I hope rancher labs will provide a solution out of the box later to solve this SPOF problem.
I understand that a failure in the Rancher server blocks deployments and changes to stacks. But does it stop agent networking or containers from continuing to work?
One reason I am looking to use Rancher over Kubernetes is its operational simplicity. Backing up the MySQL directory or an external MySQL database is very simple and familiar these days. Pair that with the fact that starting a Rancher server is literally one Docker run command and it is really hard to beat the disaster recovery scenario.
That said, I tested this recently (stopping the Rancher server and moving it to a new host) and it does still have some kinks to be worked out. The main issue I had was the reconnecting of agents to the new server. It was a manual process for each agent and ended up creating a new agent in the UI rather than re-using the previous.
First off, it is possible to do a complete HA setup, but fairly involved. We will make this simpler eventually. But the single container is “good enough” for many uses given the odds of failure, impact while it’s down and the ease of recovery (especially if using a database-as-a-service provider like RDS)
While the rancher/server container(s) is/are down or unreachable:
Existing containers on existing hosts continue to run
They can continue to communicate across the managed network (it is point-to-point between Network Agents on each host, the management server is not in the datapath)

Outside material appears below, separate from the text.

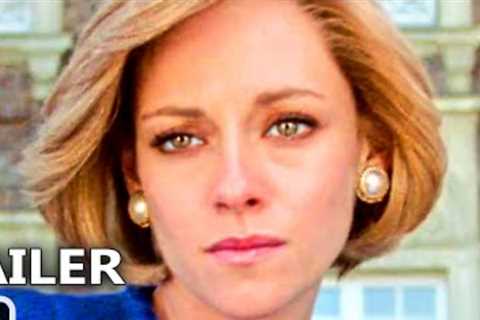 SPENCER Trailer 2 (NEW 2021) Kristen Stewart, Lady Diana Movie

Health checks will not be reported up (since nobody is listening…) and failing containers will not be rescheduled or proactively pulled out of DNS/load balancers. Haproxy will still detect failed backends and stop sending traffic to them though.

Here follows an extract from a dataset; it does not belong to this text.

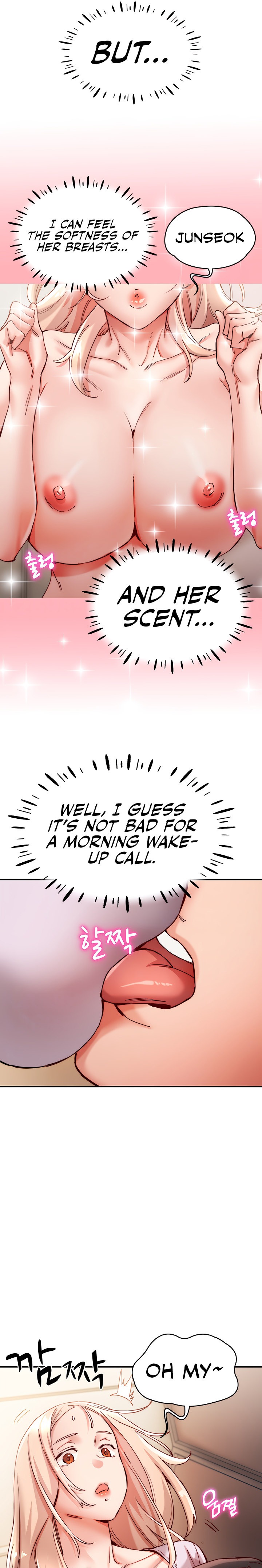 Living With Two Busty Women - Chapter 18 - picture 6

New containers can be added to existing hosts through the native docker run directly on the host, but (I think? should test this) will not fully work with the managed network since other hosts won’t know where to find the new container without a config update from the server.
When it comes back up:
Agents will reconcile their state, adding any containers that exist on the host but not in Rancher and removing vice versa.
Failed healthchecks and hosts will be rescheduled as usual
If you expect rancher/server to change IPs (rather than coming back up with the same IP after e.g. a failure of the hardware it runs on) it would be much better to use a DNS entry for it that can be updated in one place. If the agents are registered with an IP there’s no way for them to figure out the new IP when it changes. You can configure the registration URL (for future hosts) in the Admin tab -> Host Registration.
I totally agree clescot’s viewpoint. Originally I am very impressive about Docker OS concept of what RancherOS provides…until I saw MySQL. I got too many nightmare from MySQL. I’ll not roll out Rancher to production until no more MySQL. At this moment, I prefer etcd.
Come on guys…mysql is clearly the right choice here. AWS, Google Cloud, Rackspace, etc. all have a PaaS mysql that makes deploying a reliable rancher server extremely simple. The fact you haven’t used MySQL much shouldn’t drive the architecture of Rancher.